Spironolactone Dose in Kidney Disease:

Manufacturer's labeling:

  • Tablet:

    • Edema, hypertension, primary aldosteronism:

      • There are no specific dosage adjustments provided in the drug manufacturer's labeling (has not been studied);
      • use with caution.
    • Heart failure:

      • eGFR >50 mL/minute/1.73 m²:

        • No initial dosage adjustment is necessary.
      • eGFR 30 to 50 mL/minute/1.73 m²:

        • Initial: 25 mg every other day.
      • eGFR <30 mL/minute/1.73 m²:

        • There are no specific dosage adjustments provided in the manufacturer's labeling.
  • Suspension:

    • Edema, hypertension:

      • There are no dosage adjustments provided in the drug manufacturer's labeling;
      • spironolactone is substantially excreted by the kidney;
      • use with caution.
    • Heart failure:

      • eGFR >50 mL/minute/1.73 m²:

        • No initial dosage adjustment is necessary.
      • eGFR 30 to 50 mL/minute/1.73 m²:

        • Initial: 10 mg once daily.
      • eGFR <30 mL/minute/1.73 m²:

        • There are no specific dosage adjustments provided in the manufacturer's labeling.
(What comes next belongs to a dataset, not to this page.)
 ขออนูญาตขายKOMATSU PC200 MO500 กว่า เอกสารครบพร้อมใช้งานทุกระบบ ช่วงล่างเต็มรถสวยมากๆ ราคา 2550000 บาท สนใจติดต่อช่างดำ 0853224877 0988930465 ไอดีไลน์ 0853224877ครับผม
Alternate recommendations:

  • Tablet:

    • Heart failure (ACC/AHA [Yancy 2013]):

      • eGFR ≥50 mL/minute/1.73 m²:

        • Initial dose: 12.5 to 25 mg once daily;
        • The maintenance dose (after 4 weeks of treatment with potassium ≤5 mEq/L): 25 mg once or twice daily.
      • eGFR 30 to 49 mL/minute/1.73 m²:

        • Initial dose: 12.5 mg once daily or every other day;
        • The maintenance dose (after 4 weeks of treatment with potassium ≤5 mEq/L): 12.5 to 25 mg once daily.
      • eGFR <30 mL/minute/1.73 m²:

        • Not recommended.
    • Patients ≥65 years:

      • CrCl <30 mL/minute (regardless of indication):
        • Avoid use due to the risk of hyperkalemia.

Spironolactone Dose in Liver disease:

  • There are no specific dosage adjustments provided in the drug manufacturer's labeling;
  • initiate with a low dose and titrate slowly (cirrhosis).
  • Use with caution;
  • minor alterations of fluid and electrolyte balance may precipitate hepatic coma.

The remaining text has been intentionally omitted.